A competent source from the state PDP, who doesn’t want his name mentioned, told The Point that despite the challenge encountered with Jimoh Ibrahim, which stalled Jegede’s
chances of campaigning at the appropriate time, the governor’s imposition of Jegede was another issue, which didn’t go well with most of the leaders of the PDP in the state.
According to him, though the situation seemed to have been put under control later, with the different moves by the governor and other chieftains of the party to calm frayed nerves, some key PDP members, who felt cheated by the alleged imposition, later worked against the party underground.
He said, “Mimiko had it all with his imposition of Jegede from his senatorial district. “When he first came up with the idea, people kicked against it, but he later appeased them. I am not sure they really worked for Jegede, because we heard that most of them worked silently against Jegede despite Jimoh Ibrahim’s challenge.”
But a chieftain of PDP from Ogun State, Senator Kashamu Buruji, put the blame for PDP’s loss in the Ondo election at the doorsteps of Mimiko. Kashamu said the refusal of Mimiko to heed his advice against imposing Jegede, who was from the same senatorial district with the outgoing governor, caused PDP the state.
Jimoh Ibrahim, LAST straw that broke PDP’S camel’s back
Another factor which, almost everybody believe contributed in no small measure to the PDP’s electoral woes in the poll was the role played by business mogul and publisher, Jimoh Ibrahim. The contribution of Ibrahim to PDP’s loss cannot be over emphasised.
The series of court litigations instituted by Ibrahim, prior to the election weakened the party and dampened the morale of its members. A court ruling by Justice Okon Abang had earlier declared Ibrahim as the legitimate candidate of the PDP, only for the judgment to be upturned at the Court of Appeal at a later date, when the election was just few days
away.
Ibrahim fought up to the Supreme Court before the apex court ruled in Jegede’s favour less than 72 hours to the poll. Calls by Jegede and the PDP for the postponement of the poll by at least 30 days met a brick wall from the Independent National Electoral Commission, which insisted that the conditions for the postponement of any election was not present in Ondo State, even as it expressed determination to conduct the poll as scheduled.
Ondo PDP’s self-inflicted crisis

 

Others have, however attributed part of the reasons for the loss to the internal crisis that the state PDP inflicted upon itself on Mimiko’s arrival in the party in 2014. A factional deputy chairman of PDP said Mimiko’s defiance to the arrangement he met on ground when he came in 2014 contributed to the party’s poor showing in the election.

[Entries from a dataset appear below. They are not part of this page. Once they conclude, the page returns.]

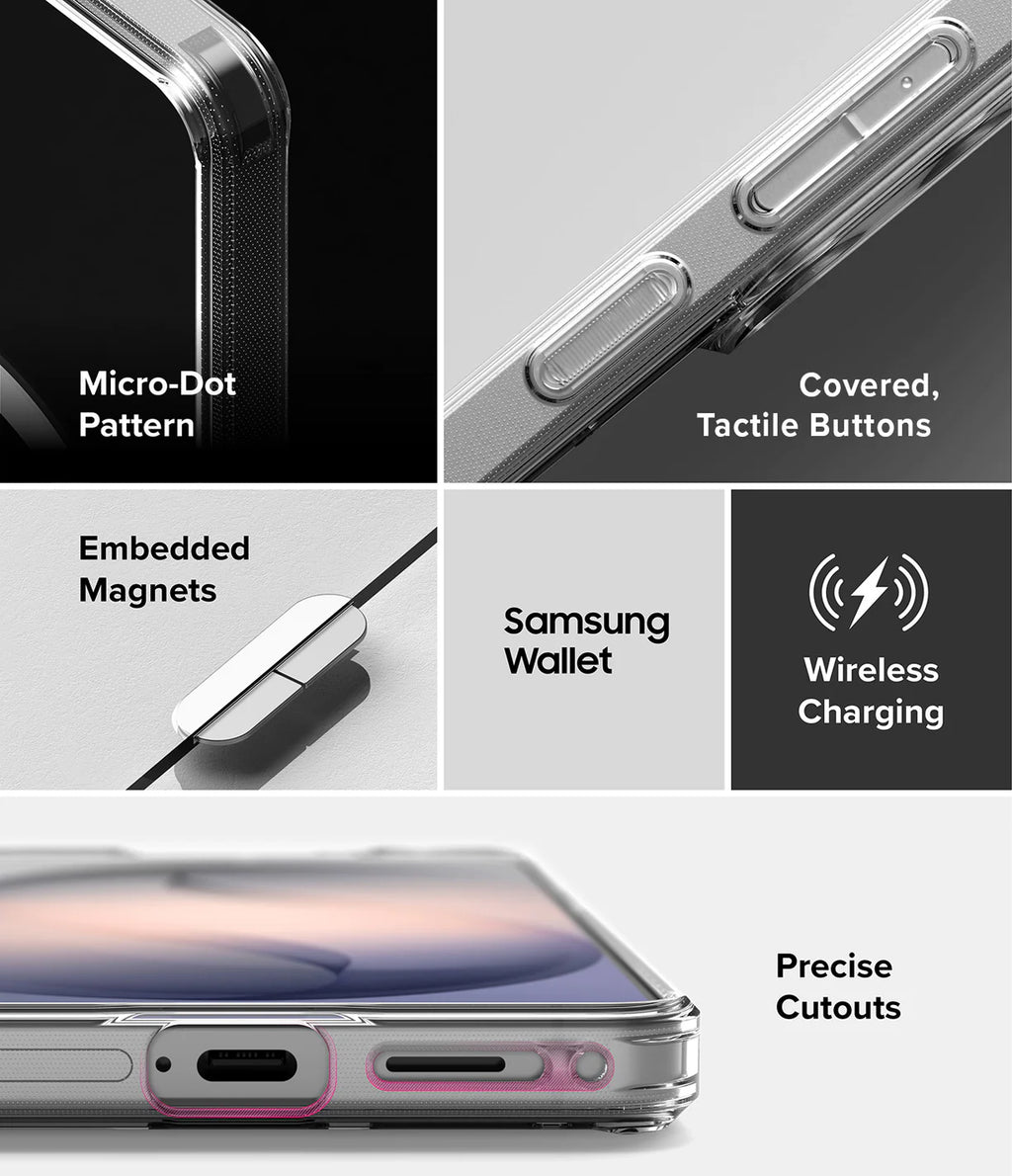 Fusion Magnetic Clear Ringke Galaxy S26 Plus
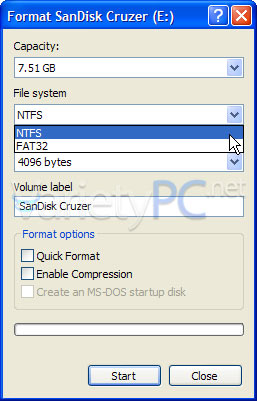 ฟอร์แมต USB Drive แบบ NTFS บน Windows XP ไม่ได้หรอ?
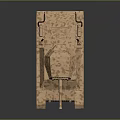 Military Vehicle Tank 3D Model With Camouflage Pattern Turret Cannon And Tracks
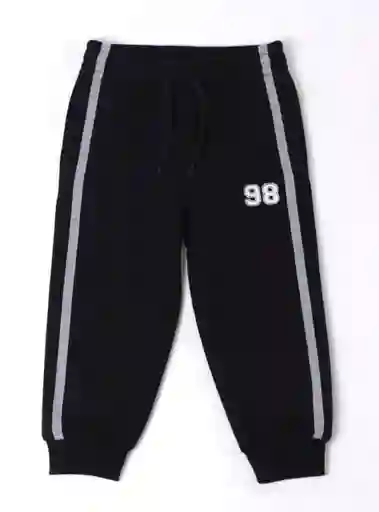 Baby Harvest Pantalón de Buzo Aplica Ess tt Negro 12/18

He said, “The outcome of the poll was not surprising at all. The script of the result was written in 2014, when Mimiko returned to the PDP. All members he met on the ground
left the party for him and he took over the PDP.
“If Olusola Oke had not gone to the APC and eventually to the Alliance for Democracy, and Mimiko managed leadership sportsmanly, PDP would have won the election convincingly.
“In the election, APC scored 244,842 votes while PDP scored 150,380 and AD scored 126,889 votes. It is a fact that the AD votes belong to PDP and simple arithmetic shows why PDP lost; our votes went to Oke and AD.”

He also said that when Mimiko returned to the PDP, his fellow governors appealed to him to allow for harmonisation of party structure, but he refused, adding that this led to the
departure of all PDP members led by Oke from the party.

He added that choosing a candidate to succeed him, Mimiko did not allow original members of the PDP to buy forms. He added, “He merely anointed Jegede, who was returned unopposed. “Party members cried to the high heavens that Jegede is from the central zone, where Mimiko hails from, but their cries fell on deaf ears.”
Mimiko’s alleged negotiation for soft landing at APC
Aside the series of court cases and other factors that are believed to be responsible for PDP’s failure in the gubernatorial poll, The Point gathered that Mimiko also acted some of the scripts that led to the party’s failure.

Another source from the state told The Point that Mimiko refused to release funds for the prosecution of the election, with less than three days toactual voting. The source said that Mimiko, before the election, had already seen the handwriting of failure on the wall and
believed that he had lost the state to the APC and decided to join the ruling party, a decision he said motivated his unexpected visit to the President, few days before the election.
“Mimiko is an establishment politician. He doesn’t want to antagonise the Presidency and would rather cut a deal than stand in the way of the ruling party, which was desperate to get the state,” the source told The Point.
The civil service vendetta
In the run up to the election, the state was owing the state work force about six or seven months in arrears of salaries. A political commentator opined that a governor desirous of winning such election, would have endeavoured to pay the state work force substantial amount of the arrears of salaries owed them, since they constituted the bulk of voters, especially against the backdrop of the fact that the state received federal allocation about two weeks before the poll.
It was therefore believed that the state civil servants saw the election as an opportunity to pay back Mimiko in his coin, for denying them their rights.
Fayose and decision on 2018
In 2018, Fayose will also find himself in the same corner, trying to instal a successor. It is therefore hoped that he would learn from the mistakes of his Ondo counterpart. Shortly after the Ondo election, Fayose was quoted to have said that he did not know on which platform his successor would contest the 2018 Ekiti gubernatorial poll, an indication
that he may sooner than later dumped the opposition party.
He had said, “I don’t know the platform I will use for the 2018 election yet, but, I will tell you at the appropriate time. “We have to play the game left, right and centre and whoever we are going to use and the platform, you will all be part of the process, because party politics is about the people.” However, he is expected to avoid the banana peels that tripped his Ondo counterpart, if he actually want to have a successful transition of power to his choice candidate come 2018.